▼

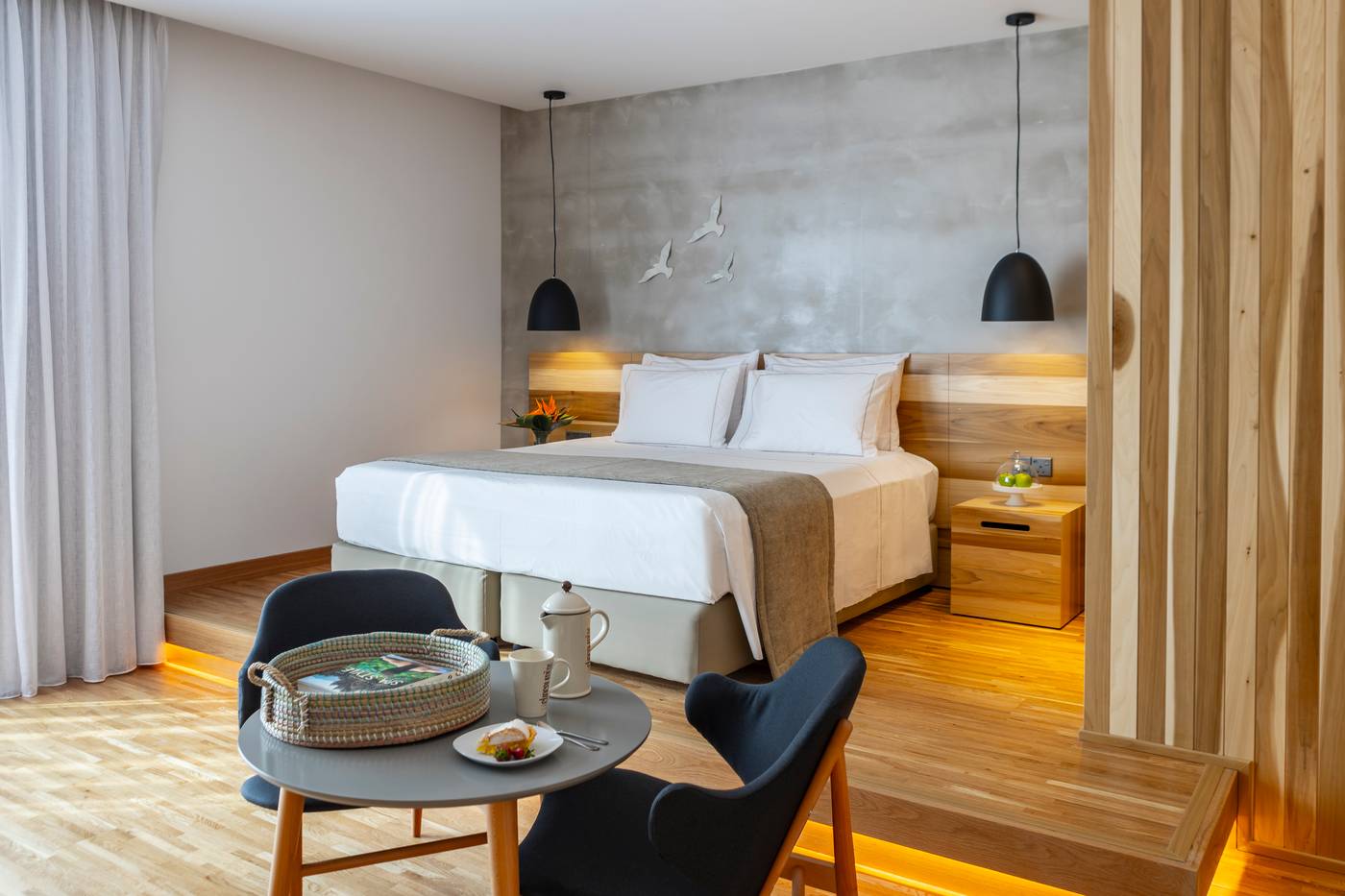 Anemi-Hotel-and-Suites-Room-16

▲
▼

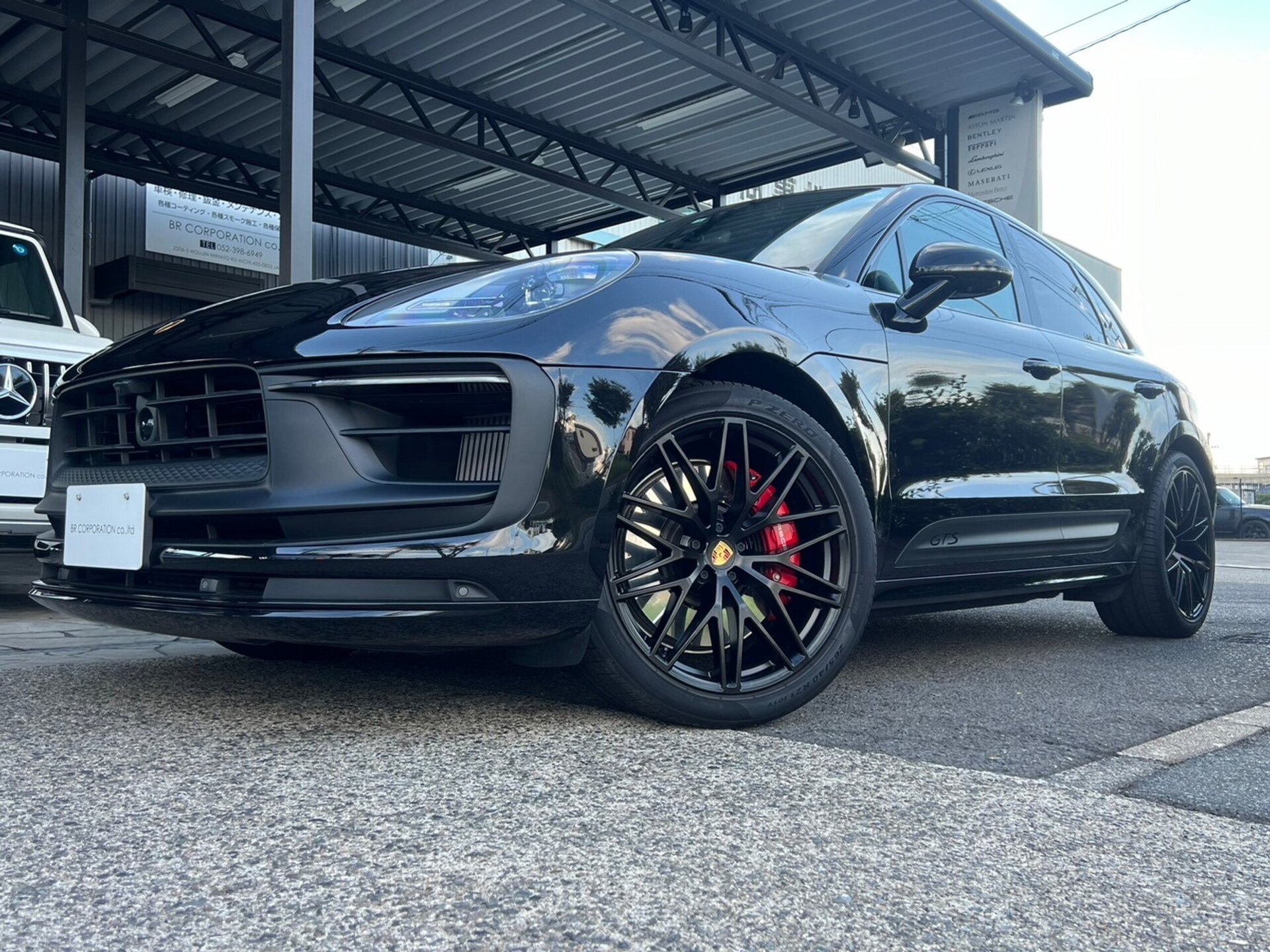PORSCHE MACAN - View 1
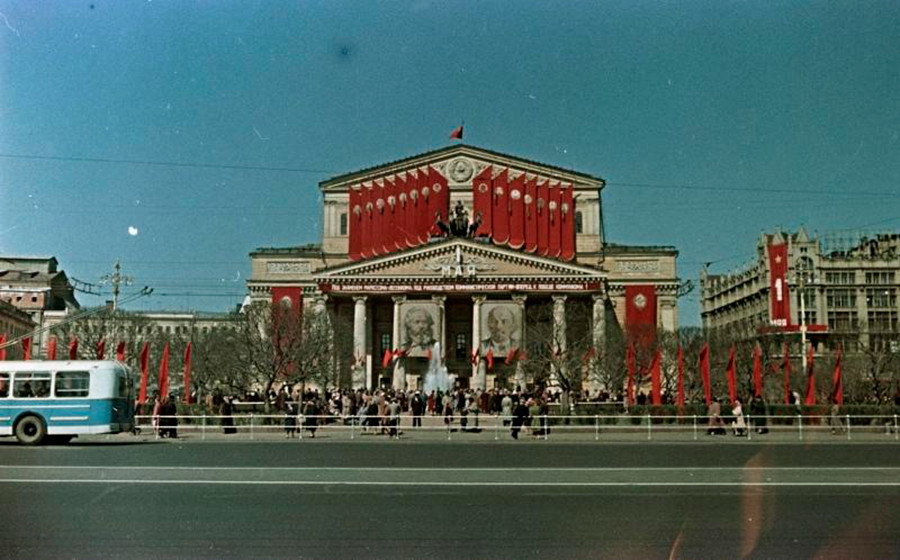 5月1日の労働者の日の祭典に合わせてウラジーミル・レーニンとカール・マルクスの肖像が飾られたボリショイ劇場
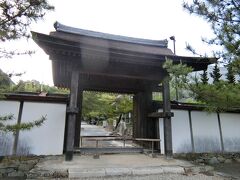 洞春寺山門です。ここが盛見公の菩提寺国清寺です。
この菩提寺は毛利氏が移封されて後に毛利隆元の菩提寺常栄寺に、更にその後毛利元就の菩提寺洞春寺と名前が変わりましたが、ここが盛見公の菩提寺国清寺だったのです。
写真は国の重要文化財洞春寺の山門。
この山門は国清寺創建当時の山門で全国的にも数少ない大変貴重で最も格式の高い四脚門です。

▲

◆ Work item
Would you print, exactly as written, every line above from the one holding "この菩提寺は毛利氏が移封され" through the one holding "この山門は国清寺創建当時の山", with both included and no other lines?

◆ Written response
この菩提寺は毛利氏が移封されて後に毛利隆元の菩提寺常栄寺に、更にその後毛利元就の菩提寺洞春寺と名前が変わりましたが、ここが盛見公の菩提寺国清寺だったのです。
写真は国の重要文化財洞春寺の山門。
この山門は国清寺創建当時の山門で全国的にも数少ない大変貴重で最も格式の高い四脚門です。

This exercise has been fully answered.